PROJECT SUMMARY
Short peptides (10-100aa) are important regulators of physiology, development and metabolism, however their
detection is difficult due to size and abundance. A stunning 30% of annotated human smORF genes include
disease-associated variants mapped within exons, compared to 15% of human genes in general. Further,
many smORFs are conserved across the entire metazoan phylogeny from invertebrates to vertebrates
including man. These ultra-conserved functional smORF genes we call the Conserved smORF Catalog or
CSC. These genes have been conserved across more than 500myr of evolution, and yet we know almost
nothing at all about their functions. Due to a century of genetic analysis, the genome of the model organism
Drosophila melanogaster has the most complete functional annotation among metazoans. Functional
annotations derived from Drosophila have been instrumental in hypothesis-based drug development for more
than thirty years, and more recently have made possible the biological interpretation of hundreds of SNPs
detected in genome-wide association studies (GWAS). Hence, functional annotations derived in fly for
conserved genes are transferable to human and are of direct clinical relevance. Remarkably, less than 10% of
smORFs in Drosophila have been studied functionally, or experimentally verified as generating peptides. A
combination of genome engineering, computational, molecular, and functional studies will be used to
systematically and comprehensively characterize the CSC, representing the first genome-scale
characterization of smORFs in any organism providing a wealth of information on the biological functions of
this poorly studied class of proteins. In total, we will characterize and functionally annotate ~400 conserved
smORFs using CRISPR knockout followed by phenotyping and rescue assays. We will assess the phenotypes
of the mutants, measuring viability, morphology, fecundity and fertility, lifespan, metabolism (sugar and lipid
levels), and a number of behavioral phenotypes. For smORFs with robust phenotypes, we will then attempt to
rescue a subset of these mutants in three ways: first, by inserting the whole deleted RNA; second, with a
version of the RNA with the smORF(s) removed by the addition a stop codon; and lastly, using a micro-
construct containing only the smORF and the endogenous promoter.

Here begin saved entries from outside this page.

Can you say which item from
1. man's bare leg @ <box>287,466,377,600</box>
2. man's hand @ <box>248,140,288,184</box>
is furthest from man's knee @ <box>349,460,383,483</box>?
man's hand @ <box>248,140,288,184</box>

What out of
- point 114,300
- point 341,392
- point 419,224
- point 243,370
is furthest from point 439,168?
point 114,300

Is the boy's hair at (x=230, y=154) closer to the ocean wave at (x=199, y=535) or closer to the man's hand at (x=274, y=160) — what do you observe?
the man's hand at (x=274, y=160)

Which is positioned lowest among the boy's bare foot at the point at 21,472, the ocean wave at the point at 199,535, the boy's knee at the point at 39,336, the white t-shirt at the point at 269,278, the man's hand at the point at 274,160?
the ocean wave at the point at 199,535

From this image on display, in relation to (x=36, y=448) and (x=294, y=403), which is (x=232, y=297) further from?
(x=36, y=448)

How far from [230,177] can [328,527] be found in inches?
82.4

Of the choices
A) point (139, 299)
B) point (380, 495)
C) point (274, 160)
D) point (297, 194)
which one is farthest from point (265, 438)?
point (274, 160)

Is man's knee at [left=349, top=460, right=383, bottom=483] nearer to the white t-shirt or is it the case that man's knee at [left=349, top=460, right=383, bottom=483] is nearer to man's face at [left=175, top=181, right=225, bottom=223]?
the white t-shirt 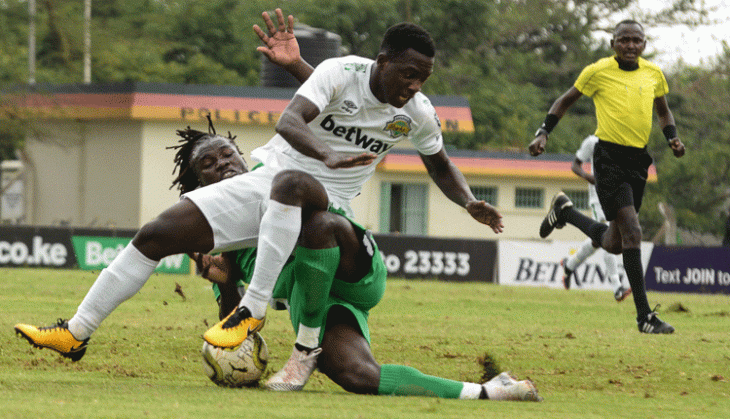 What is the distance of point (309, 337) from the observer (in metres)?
5.20

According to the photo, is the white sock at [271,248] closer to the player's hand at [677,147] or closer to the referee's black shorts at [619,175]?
the referee's black shorts at [619,175]

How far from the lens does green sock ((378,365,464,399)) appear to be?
196 inches

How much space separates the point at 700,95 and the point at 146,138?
26.9 m

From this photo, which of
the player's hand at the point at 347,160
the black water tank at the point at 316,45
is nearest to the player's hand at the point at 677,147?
the player's hand at the point at 347,160

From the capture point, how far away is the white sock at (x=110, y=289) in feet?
16.7

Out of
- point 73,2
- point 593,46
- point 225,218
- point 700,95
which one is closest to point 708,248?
point 73,2

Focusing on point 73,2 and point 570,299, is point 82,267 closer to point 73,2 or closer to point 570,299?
point 73,2

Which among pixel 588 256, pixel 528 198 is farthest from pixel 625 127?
pixel 528 198

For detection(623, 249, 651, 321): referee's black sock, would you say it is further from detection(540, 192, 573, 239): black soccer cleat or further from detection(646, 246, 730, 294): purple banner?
detection(646, 246, 730, 294): purple banner

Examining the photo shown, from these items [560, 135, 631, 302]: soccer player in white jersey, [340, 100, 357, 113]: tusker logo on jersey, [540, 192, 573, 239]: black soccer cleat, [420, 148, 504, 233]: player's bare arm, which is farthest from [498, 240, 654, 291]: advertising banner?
[340, 100, 357, 113]: tusker logo on jersey

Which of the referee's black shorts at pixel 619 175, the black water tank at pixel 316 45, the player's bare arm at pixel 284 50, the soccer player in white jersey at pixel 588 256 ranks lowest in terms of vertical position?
the soccer player in white jersey at pixel 588 256

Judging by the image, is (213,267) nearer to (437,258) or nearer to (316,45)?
(437,258)

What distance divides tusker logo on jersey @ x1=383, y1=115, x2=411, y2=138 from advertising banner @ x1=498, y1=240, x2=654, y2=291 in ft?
47.6

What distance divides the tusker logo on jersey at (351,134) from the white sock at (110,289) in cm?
112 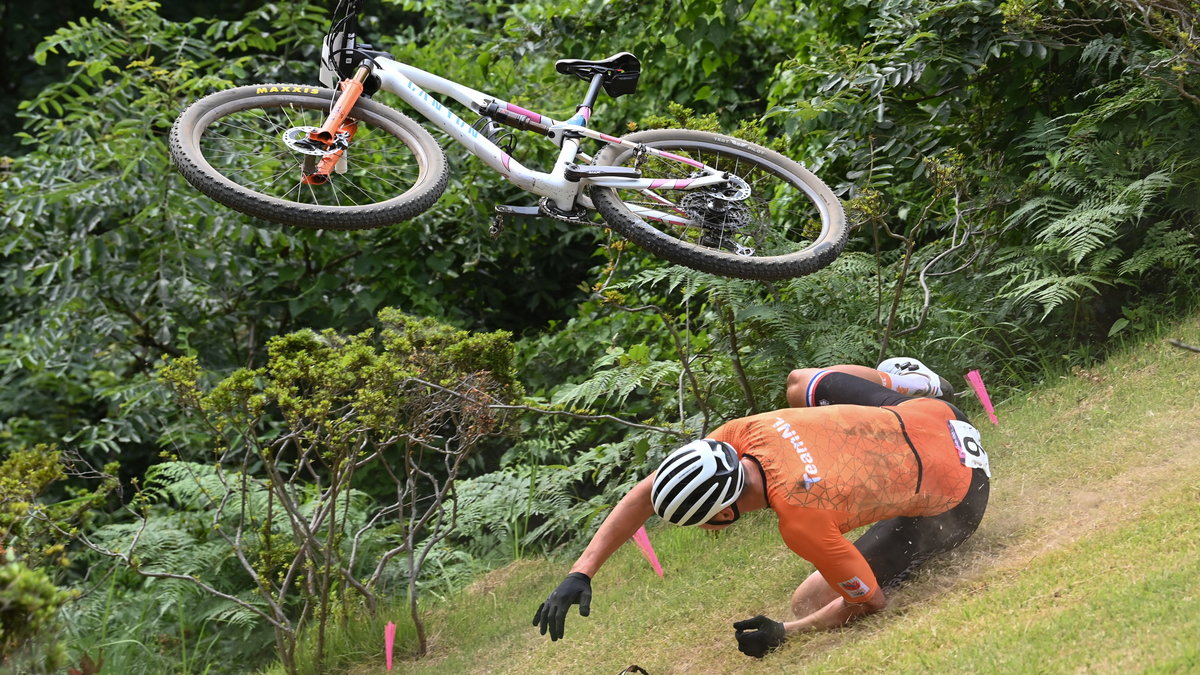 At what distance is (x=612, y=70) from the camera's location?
5418 millimetres

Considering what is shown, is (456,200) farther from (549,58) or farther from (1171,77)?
(1171,77)

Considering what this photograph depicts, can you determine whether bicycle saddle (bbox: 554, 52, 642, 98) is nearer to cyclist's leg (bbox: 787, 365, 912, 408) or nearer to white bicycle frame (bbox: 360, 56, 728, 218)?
white bicycle frame (bbox: 360, 56, 728, 218)

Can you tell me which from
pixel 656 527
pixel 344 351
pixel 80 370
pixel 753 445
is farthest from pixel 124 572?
pixel 753 445

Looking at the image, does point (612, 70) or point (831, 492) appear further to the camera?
point (612, 70)

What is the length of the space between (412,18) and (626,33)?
5.92 meters

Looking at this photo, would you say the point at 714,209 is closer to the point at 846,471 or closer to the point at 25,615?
the point at 846,471

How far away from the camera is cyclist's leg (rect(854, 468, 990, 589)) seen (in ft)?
15.7

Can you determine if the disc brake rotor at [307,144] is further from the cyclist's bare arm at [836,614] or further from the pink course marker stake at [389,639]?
the cyclist's bare arm at [836,614]

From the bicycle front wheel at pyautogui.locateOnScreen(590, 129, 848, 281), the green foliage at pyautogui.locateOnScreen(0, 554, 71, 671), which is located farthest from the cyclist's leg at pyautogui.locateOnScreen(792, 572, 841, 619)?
the green foliage at pyautogui.locateOnScreen(0, 554, 71, 671)

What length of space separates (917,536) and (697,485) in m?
1.09

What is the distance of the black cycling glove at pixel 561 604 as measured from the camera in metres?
4.33

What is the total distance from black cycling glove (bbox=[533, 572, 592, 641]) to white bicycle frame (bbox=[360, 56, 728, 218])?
161 centimetres

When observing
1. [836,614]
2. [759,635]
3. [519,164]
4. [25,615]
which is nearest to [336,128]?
[519,164]

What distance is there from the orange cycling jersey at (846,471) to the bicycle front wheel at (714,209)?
678 mm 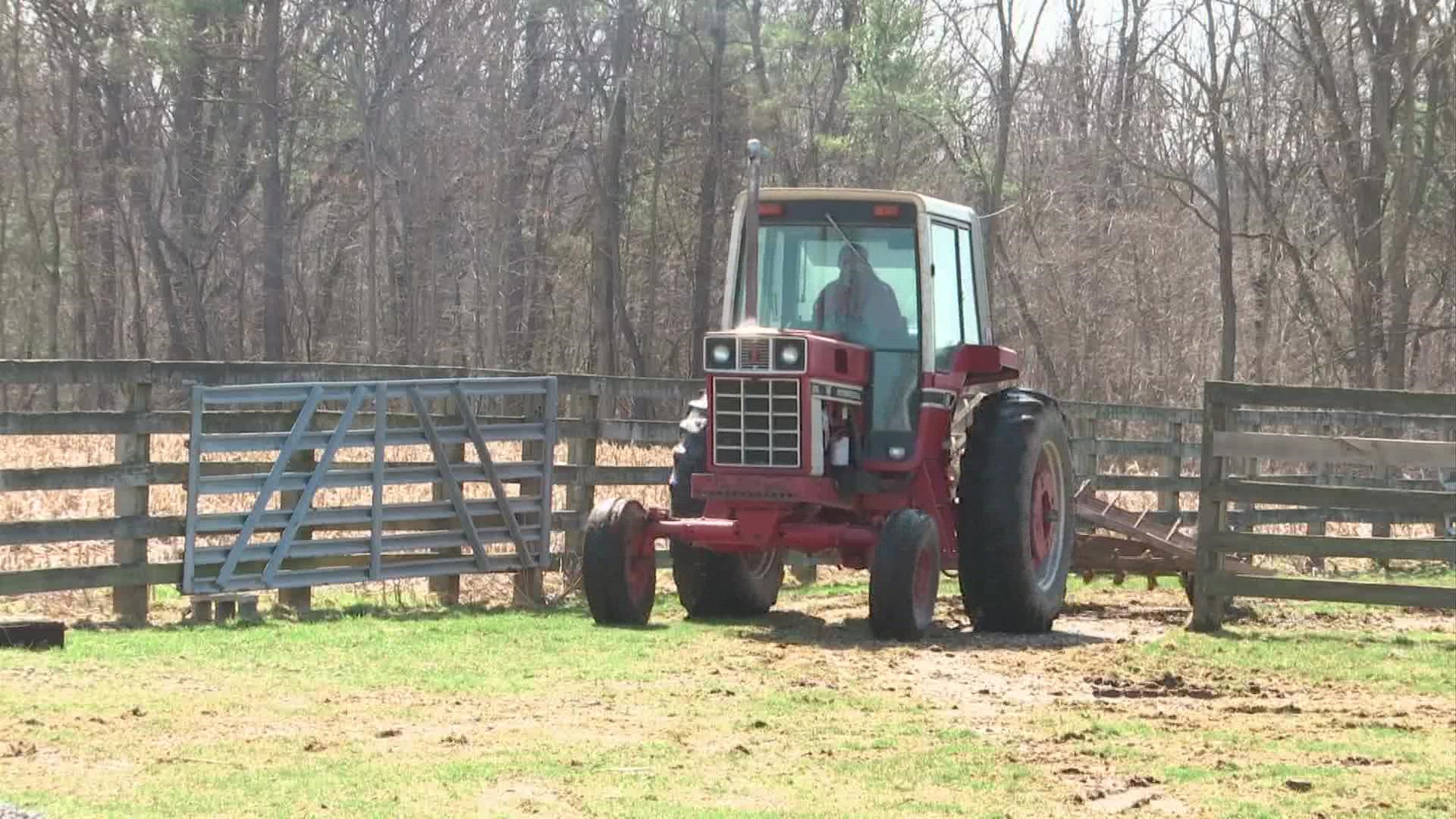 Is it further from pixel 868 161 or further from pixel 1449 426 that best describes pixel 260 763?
pixel 868 161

We will generate direct evidence for
translation using tagged expression analysis and targeted MS/MS to scan for predicted polypeptides in the
whole embryo and tissue dissection samples. In addition to validating the existence of the predicted molecules,
this dataset will provide a foundational gold standard for further development of tools for the computational
prediction of functional micropeptides. These studies are directed toward the understanding of basic life
processes and lay the foundation for promoting better human health.